* MATERIAL FOR THIS EXERCISE:
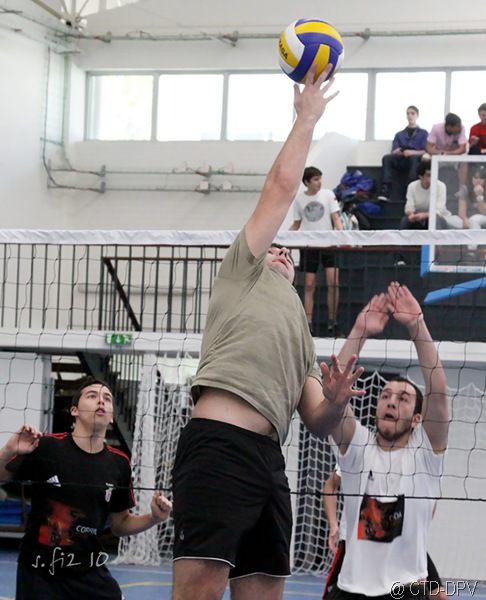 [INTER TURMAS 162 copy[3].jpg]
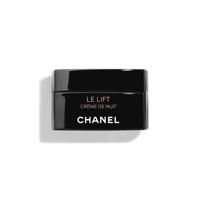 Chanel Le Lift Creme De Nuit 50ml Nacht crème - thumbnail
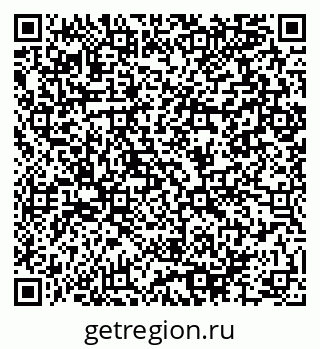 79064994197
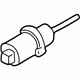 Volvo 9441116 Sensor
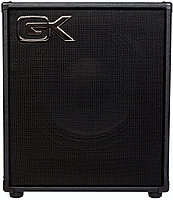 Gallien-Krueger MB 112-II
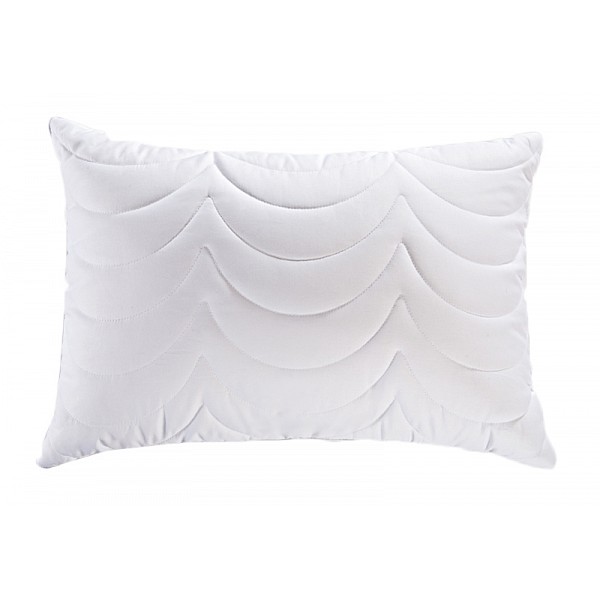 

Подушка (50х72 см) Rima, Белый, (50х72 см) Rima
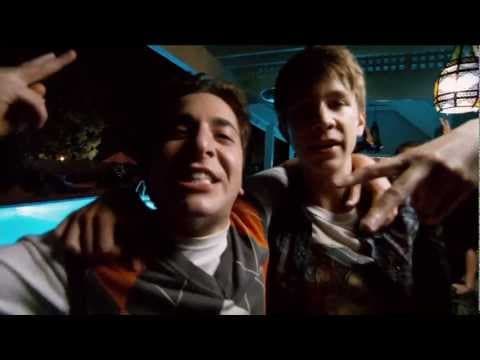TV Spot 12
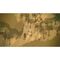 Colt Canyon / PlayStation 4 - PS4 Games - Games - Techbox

...

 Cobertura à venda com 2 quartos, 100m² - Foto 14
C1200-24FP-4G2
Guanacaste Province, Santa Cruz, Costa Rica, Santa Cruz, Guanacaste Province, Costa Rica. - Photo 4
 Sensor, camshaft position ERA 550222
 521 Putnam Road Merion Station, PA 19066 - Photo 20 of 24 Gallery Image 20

--

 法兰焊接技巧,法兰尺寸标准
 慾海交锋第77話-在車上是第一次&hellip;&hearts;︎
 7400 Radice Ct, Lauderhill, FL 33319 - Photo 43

* WHAT IS EXPECTED:
Whenever a line of the listing contains the word "Photo", it counts; say the total only.

* YOUR SOLUTION:
3